Book Review: The Safe Place by Anna Downes

PopSugar 2020 Reading Challenge Prompt: N/A Other PS 2020 reading prompts this would satisfy: A book that's published in 202...

PopSugar 2020 Reading Challenge Prompt: N/A

Other PS 2020 reading prompts this would satisfy: A book that's published in 2020, A book that passes the Bechdel test, A book with a three-word title

TW: Vivid depictions of self harm, other triggers that are part of the plot so I don't want to ruin the book. 

I feel like it's going to be kind of difficult to review The Safe Place without any spoilers, so this review will likely be very vague. There's a lot going on within this book and it gets pretty twisty-turny, so I definitely don't want to reveal anything.

Emily Proudman is kind of a mess - she's a aspiring actress who can hardly get a gig, and her aspirations always make her late to her actual temp job, so she gets fired. Her parents and her aren't what you'd call close. So needless to say, things are tough. Enter Scott Denny, a rich guy who needs someone to be a bit of a housekeeper at his second home in France, someone to spend time with his wife and sickly daughter, since he's always in London for work. Fortunately, Emily fits to bill. In fact, she perfect - no job, no money, few ties. And the house is basically a mansion, waterside, secluded - everything she could ever want. But the seclusion is a bit intense, and there's no cell service, and a weird set of rules. What exactly has she gotten herself into, and will she be able to get out?

The Safe Place is twisty and suspenseful.
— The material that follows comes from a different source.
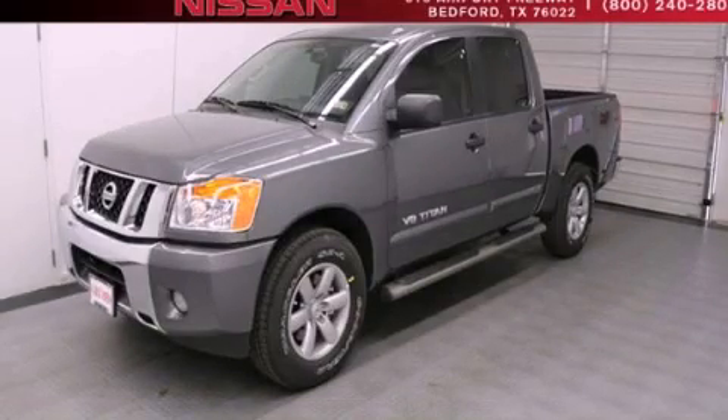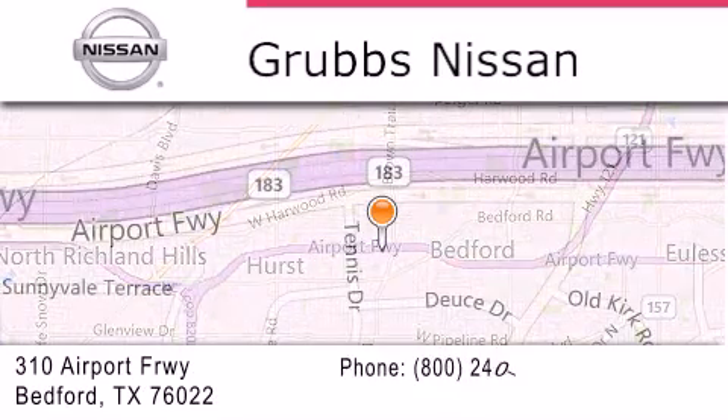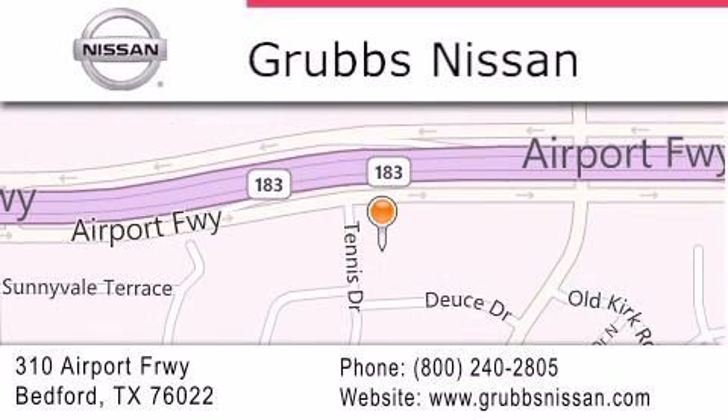Call or visit us right now and arrange your test drive today. Thank you for considering Grubbs Nissan for your next luxury vehicle. If you have any questions, please visit our website, give us a call, or stop by our dealership located at 310 Airport Freeway in Bedford.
In fact, it's much more suspenseful and mysterious than thriller (as it's marketed). One of my first impressions of this book was the kind of vividly graphic self harm that happens through the book quite a few times. Graphic enough that I could feel it and it made me cringe. And I went into those scenes with no warning, so I highly recommend if that's a trigger for you - do not read this book. So, that was definitely one of my big issues with the story. I can deal with gore and graphic scenes, and I guess I can see how it fit with the character and their story, but it also felt unnecessary and sensational, which really bothered me. I don't enjoy problematic scenarios being used for shock value, and it felt like that's what was going on. It definitely wasn't something that added to the story or was ever really discussed.
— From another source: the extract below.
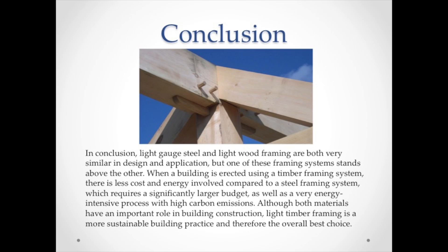In conclusion, light gauge steel and light wood framing are both very similar in design and application, but one of these framing systems stands above the other. When a building is erected using a timber framing system, there is less cost and energy involved compared to a steel framing system, which requires a significantly larger budget as well as a very energy intensive process with high carbon emissions. Although both materials have an important role in building construction, light timber framing is a more sustainable building practice and therefore the overall best choice.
Besides those graphic depictions, the story was quite a slow burn, which was fine but was also just really slow, as in slower than I'd ever expected. I wanted things to happen that would really pull me in and instead I often found myself being really bored. I also found the flirtatiousness and weird romance to be another piece of the book that didn't really add to the storyline.

I did like, however, the final outcome of the book. I was worried it may go in a different direction, would honestly would have left me pissed. Instead it seemed like the best ending to actually wrap up the story, but that's where things really sped up in comparison to the rest of the book, and I wish the ending could have been better developed and delivered. I needed more to happen, and I just finished the story really feeling disappointed. The novel just had really weird highs and lows in terms of speed.

"If you wait around for other people to approve your decisions, you'll be waiting a long time. Approve them yourself. Be proud of yourself." - The Safe Place, Anna Downes

For me, this was another book that used sensationalism to try and tell a story and ended up falling a bit flat and problematic. The book had potential, but was really delivered in a way that didn't make the most sense.

Goodreads rating: ★★★☆☆

*Thanks to Netgalley for the digital review copy. All opinions are entirely my own.